1.3.2 Hydrogène énergétique

A ce jour les applications en tant que vecteur énergétique sont encore marginales en France. Une filière énergétique hydrogène tend néanmoins à se mettre en place dans de nombreux pays, européens avec l’installation de plus de 50 stations d’approvisionnement en Allemagne prévue en 2015, mais aussi dans le monde notamment au Japon, en Corée du Sud et plus généralement en Asie. A cela s’ajoute l’utilisation en tant qu’additif dans le gaz naturel (méthane), pour obtenir un carburant présentant une combustion plus propre (Hythane®).

Contrairement au paragraphe précédent, traitant des usages de l’hydrogène hors énergie, il s’avère difficile de donner des estimations chiffrées concernant la répartition de consommations d’hydrogène dans les usages énergétiques actuels et à venir, au regard de l’incertitude des nombreux scénarios proposés.

La demande énergétique mondiale atteignait en 2010 près de 12,7 Gtep dont près de 80 % est d’origine fossile. La production mondiale en hydrogène actuelle, si elle était uniquement utilisée à des fins énergétiques, ne permettrait de couvrir que 1,6 % des besoins énergétiques, et son développement demanderait un effort substantiel d’investissements tant pour la production que pour les infrastructures de transport et de distribution.

1.3.2.1 Propulsion spatiale etmoteur thermique

D’un point de vue énergétique, la principale application industrielle de l'hydrogène-énergie est la propulsion spatiale. L’hydrogène est utilisé comme carburant pour assurer la propulsion des fusées et lanceurs spatiaux. L’intérêt majeur réside dans sa forte densité énergétique massique puisque sa combustion permet de libérer environ 121 MJ/kg. Cette combustion est réalisée par de l’oxygène pur. Ainsi, Ariane 5 emporte 162 t d'oxygène liquide et 28 t d'hydrogène liquide pour l'alimentation de son moteur cryogénique.
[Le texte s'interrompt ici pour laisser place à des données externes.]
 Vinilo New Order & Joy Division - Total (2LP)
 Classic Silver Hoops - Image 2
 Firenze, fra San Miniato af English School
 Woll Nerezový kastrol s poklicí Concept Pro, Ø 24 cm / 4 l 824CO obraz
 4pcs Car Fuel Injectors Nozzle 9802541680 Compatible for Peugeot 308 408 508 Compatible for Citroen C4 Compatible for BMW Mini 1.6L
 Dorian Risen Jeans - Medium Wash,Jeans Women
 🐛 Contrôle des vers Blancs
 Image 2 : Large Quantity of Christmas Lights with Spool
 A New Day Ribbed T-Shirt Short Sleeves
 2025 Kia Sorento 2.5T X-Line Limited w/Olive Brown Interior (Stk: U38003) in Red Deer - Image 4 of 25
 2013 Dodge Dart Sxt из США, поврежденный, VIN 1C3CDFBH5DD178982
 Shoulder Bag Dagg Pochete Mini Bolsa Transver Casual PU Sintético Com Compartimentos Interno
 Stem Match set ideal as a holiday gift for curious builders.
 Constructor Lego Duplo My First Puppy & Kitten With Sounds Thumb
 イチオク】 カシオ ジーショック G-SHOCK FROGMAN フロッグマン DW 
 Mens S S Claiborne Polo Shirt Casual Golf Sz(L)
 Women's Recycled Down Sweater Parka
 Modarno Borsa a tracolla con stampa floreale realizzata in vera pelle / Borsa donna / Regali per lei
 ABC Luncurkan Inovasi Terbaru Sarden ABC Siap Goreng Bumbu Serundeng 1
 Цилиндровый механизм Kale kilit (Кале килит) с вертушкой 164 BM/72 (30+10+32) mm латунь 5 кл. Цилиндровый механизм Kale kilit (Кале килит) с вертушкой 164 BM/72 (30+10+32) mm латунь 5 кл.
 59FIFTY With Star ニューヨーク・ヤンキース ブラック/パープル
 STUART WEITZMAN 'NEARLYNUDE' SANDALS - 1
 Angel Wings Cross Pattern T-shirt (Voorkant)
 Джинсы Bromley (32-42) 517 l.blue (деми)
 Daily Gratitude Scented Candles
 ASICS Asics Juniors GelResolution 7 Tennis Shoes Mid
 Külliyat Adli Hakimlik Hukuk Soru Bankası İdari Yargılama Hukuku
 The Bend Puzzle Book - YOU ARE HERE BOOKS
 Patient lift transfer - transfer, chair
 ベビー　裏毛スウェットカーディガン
A noter que le secteur de l’aérospatial est actuellement en plein essor avec le développement de cette activité dans les pays émergents (Brésil, etc.), notamment par la mise en orbite prévue de satellites.

Il pourrait aussi être envisagé une application plus large dans le domaine du transport par moteur à combustion interne. Tout comme le gaz naturel, l’hydrogène est en effet un carburant gazeux qui peut être directement brûlé dans un moteur thermique. Cependant, au regard des réticences sociales importantes concernant le management (stockage, sécurité, etc.) de ce vecteur énergétique, une telle diffusion est peu probable.

Des applications de cogénération (production conjointe de chaleur et d’électricité) sont envisageables, comme c’est le cas avec le méthane.

L’utilisation industrielle de l’hydrogène carburant se développe également pour le transport en véhicules lourds, moyennant la réalisation de quelques modifications sur les moteurs : adaptation des injecteurs, taille du moteur, utilisation de matériaux résistant à l’hydrogène, modification des bougies et réglage du moteur différent [28]. Plusieurs constructeurs automobiles ont réalisé des démonstrations de véhicules fonctionnant à l’hydrogène-carburant (BMW, Mercedes, Mazda, etc.). Toutefois, du fait d’un problème de volume du moteur, le développement des véhicules fonctionnant à hydrogène s’oriente plutôt vers l’utilisation de piles à combustibles.

1.3.2.2 Pile à Combustible (PAC)

Le principe de la pile à combustible est d’utiliser un combustible pour produire de l’électricité (Figure 6). Les véhicules possédant des piles à combustibles sont de la même technologie que les véhicules électriques. Le principal intérêt est de proposer des autonomies plus intéressantes que les véhicules électriques seuls. Ces systèmes peuvent également être développés en prolongateur d’autonomie pour les véhicules électriques sur batterie, mais restent sujets à la problématique de stockage de l’hydrogène (volume, risque, acceptation). En outre, la production d’électricité par les moteurs à combustion permet d’atteindre des rendements de 30 à 35 % au plus, alors que sur une pile à combustible on observe des

rendements de 60 % environ. Cela implique que la pile à combustible permet de consommer moins de dihydrogène pour un même résultat.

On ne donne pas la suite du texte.